Dream nods "It was. And now we are talking about it. I was never a god of positivity. I was a god of balance who very much misunderstood his job." then lastly "Not that it matters anymore. With the balance restored I am no longer a god of balance. I will eventually get, pick or find a new calling but it won't be emotions again." fuck he hopes it isn't emotions again.
Some people keep trying to ask if they really need negativity and can't just get like a negative corner or the bare minimum.

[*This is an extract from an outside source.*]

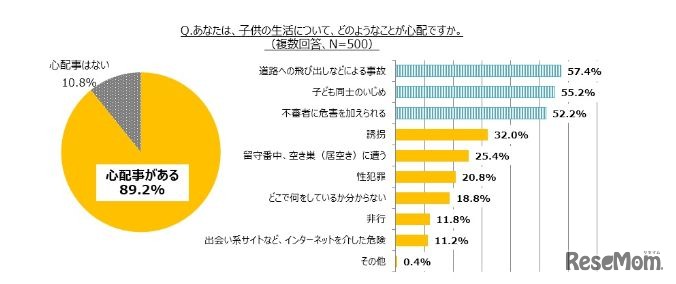「子どもの生活についてどのようなことが心配ですか」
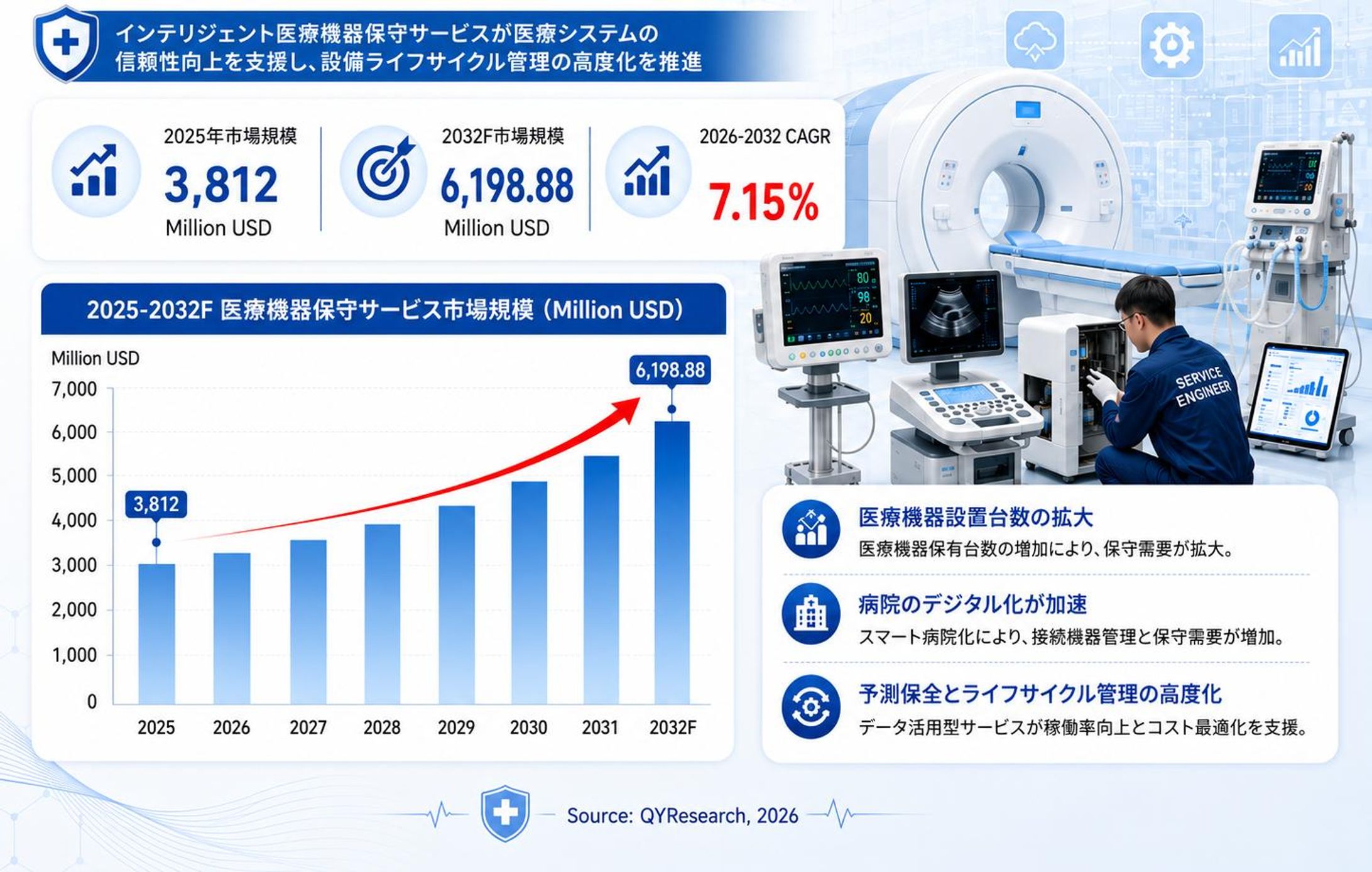 世界医療機器保守サービス市場レポート2026-2032：6431百万米ドル規模への将来予測-1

Error grows annoyed and speaks up "This si why this shit is useless. It is like destruction and creation. Like life and death. YOu want your world to get overpopulated until you can't make enough food and everyone will starve? That is a world wihtout natural death. You want the multiverse to get so full with half finished and glitching universes? That is what happens when ou want destroy stuff and do clean up. You want to laugh manically when someone you love dies? That is what happens when you don't have negativity. It isn't that hard to understand." Error sees that everyone heard and lays back down.
Dream shoots him a smile but Error jsut continues to glare at him. Right. Error nad Nightmare had been friends. Dream turns back to the group "Error is right. THis is bigger than one of two universes. This is bigger than all of our worlds combined. But foremost it is important that everyone knows that my brother was never the villain."
Some people try to go against it but Dream just keeps repeating the same message. His brother is the reason things are stable and everyone can still feel normally. He is the reason the balance is fixed. He wasn't the villain.
And he will repeat it as many times as needed until the message sticks.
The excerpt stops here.